Leigh Van Valen discovered another hoofed beast in 1978 and opted to give this created the name Oxyacodon marshater. If the scales were trying to be balanced, this pushed things back in Marsh’s favor, but since Marsh and Cope had both been dead since the 1800s, neither was able to appreciate it.
In fairness to the whole tale, Marsh did end up the most hated of the two men.
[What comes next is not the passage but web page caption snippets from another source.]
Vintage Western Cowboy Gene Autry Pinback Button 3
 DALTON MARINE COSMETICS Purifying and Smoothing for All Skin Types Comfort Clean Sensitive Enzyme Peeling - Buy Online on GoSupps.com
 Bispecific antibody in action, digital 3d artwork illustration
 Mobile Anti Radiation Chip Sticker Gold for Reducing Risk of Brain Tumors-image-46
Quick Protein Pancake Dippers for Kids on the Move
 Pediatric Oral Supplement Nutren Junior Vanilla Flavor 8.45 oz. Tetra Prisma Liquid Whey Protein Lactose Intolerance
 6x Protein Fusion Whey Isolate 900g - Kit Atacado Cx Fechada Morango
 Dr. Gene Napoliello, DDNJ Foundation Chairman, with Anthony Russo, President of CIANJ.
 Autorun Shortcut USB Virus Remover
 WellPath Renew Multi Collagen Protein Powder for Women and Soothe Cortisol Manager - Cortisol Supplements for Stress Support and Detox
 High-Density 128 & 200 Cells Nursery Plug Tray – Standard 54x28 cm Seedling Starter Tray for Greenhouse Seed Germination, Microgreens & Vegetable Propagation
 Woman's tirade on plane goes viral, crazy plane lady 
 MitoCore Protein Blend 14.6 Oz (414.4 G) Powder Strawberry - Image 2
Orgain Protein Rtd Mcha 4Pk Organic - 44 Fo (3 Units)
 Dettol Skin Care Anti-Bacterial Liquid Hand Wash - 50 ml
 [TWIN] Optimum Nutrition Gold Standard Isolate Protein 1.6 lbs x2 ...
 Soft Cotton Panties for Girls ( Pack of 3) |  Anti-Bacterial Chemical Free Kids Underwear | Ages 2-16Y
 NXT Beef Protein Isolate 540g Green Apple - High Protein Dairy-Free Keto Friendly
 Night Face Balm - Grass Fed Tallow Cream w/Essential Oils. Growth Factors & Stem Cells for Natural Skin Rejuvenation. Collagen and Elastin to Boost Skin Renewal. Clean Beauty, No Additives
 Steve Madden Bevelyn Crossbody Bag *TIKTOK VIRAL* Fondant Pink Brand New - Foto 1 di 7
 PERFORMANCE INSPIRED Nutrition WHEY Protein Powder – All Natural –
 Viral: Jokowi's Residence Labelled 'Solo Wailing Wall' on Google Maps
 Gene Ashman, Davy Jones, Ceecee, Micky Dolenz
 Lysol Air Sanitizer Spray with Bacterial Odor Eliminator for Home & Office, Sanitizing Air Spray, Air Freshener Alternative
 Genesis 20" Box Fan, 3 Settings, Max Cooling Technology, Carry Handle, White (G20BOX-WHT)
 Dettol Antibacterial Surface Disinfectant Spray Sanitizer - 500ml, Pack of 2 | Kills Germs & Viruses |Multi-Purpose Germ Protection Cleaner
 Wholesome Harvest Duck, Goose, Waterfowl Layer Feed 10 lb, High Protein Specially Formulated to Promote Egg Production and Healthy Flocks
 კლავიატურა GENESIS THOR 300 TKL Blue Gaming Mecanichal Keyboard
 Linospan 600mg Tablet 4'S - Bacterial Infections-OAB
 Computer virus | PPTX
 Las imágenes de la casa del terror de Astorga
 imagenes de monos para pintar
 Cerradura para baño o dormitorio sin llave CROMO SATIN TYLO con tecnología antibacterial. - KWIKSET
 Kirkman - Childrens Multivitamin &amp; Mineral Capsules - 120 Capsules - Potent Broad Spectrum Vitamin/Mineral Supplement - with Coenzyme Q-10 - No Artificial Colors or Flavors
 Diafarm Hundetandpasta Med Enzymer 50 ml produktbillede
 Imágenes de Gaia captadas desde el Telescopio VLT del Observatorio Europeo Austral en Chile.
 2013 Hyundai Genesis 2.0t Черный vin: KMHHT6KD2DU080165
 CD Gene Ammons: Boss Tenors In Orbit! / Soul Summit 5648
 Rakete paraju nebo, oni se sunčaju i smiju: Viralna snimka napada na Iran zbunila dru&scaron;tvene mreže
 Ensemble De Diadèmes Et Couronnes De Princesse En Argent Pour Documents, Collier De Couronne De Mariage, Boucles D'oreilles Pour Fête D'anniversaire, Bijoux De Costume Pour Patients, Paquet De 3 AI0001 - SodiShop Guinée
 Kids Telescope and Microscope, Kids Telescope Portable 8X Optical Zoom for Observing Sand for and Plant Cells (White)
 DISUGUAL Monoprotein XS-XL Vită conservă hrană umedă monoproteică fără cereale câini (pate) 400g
After nearly destroying Cope’s career, he accused the man of misusing government funds to buy fossils. Cope, for his part, had paid his own money for his collection. But more importantly, he’d spent years digging up dirt on Marsh. He released it all to the press in a maelstrom scientific scandal that saw Marsh lose his job, his funding, and even his fossil collection which had, in part, been bought with government funds, as he’d accused Cope of doing.
2. The Good for Nothing Spider
Norman Platnick and Antonio Brescovit are credited with discovering the losdolobus spider in Argentina back in 1994. In their quest to discover the six-eyed little critter they enlisted the help of two locals named Pablo Goloboff and Martín Ramírez. They asked the men to suggest a name and their suggestion was losdolobus. By one translation that means “the orsolobid of the two guys.” Said another way, “spider of the two guys.” But that’s not the only acceptable translation.
Using some local Argentine slang called “averse,” which uses anagrams, the name also translates to “los boludos,” which essentially means “the good-for-nothings” or “the morons.” Both translations are reasonable, though, including the legitimate one which describes it as a real kind of spider, so this one at least skirts under the radar as still being usable.
1. The F-Bomb Beetle
The tiny Corylophidae beetle looks a bit like a tick and there are 120 species of the little guys. In 1985, James Pakulak named the one he discovered the foadia pakulak after himself and… well, something else. The popular story among bug enthusiasts, if there is such a thing about how beetles are named, is that Pakulak specifically chose the acronym “foad” for the creature’s name.
If you’re not familiar, “foad” has been in the lexicon for years. Kid Rock even has a song called “FOAD.” It means “F*** Off and Die.” Why would Pakulak name a beetle in such a way? Well, admitting to it would likely cause some serious blowback so the man himself has never spilled the beans.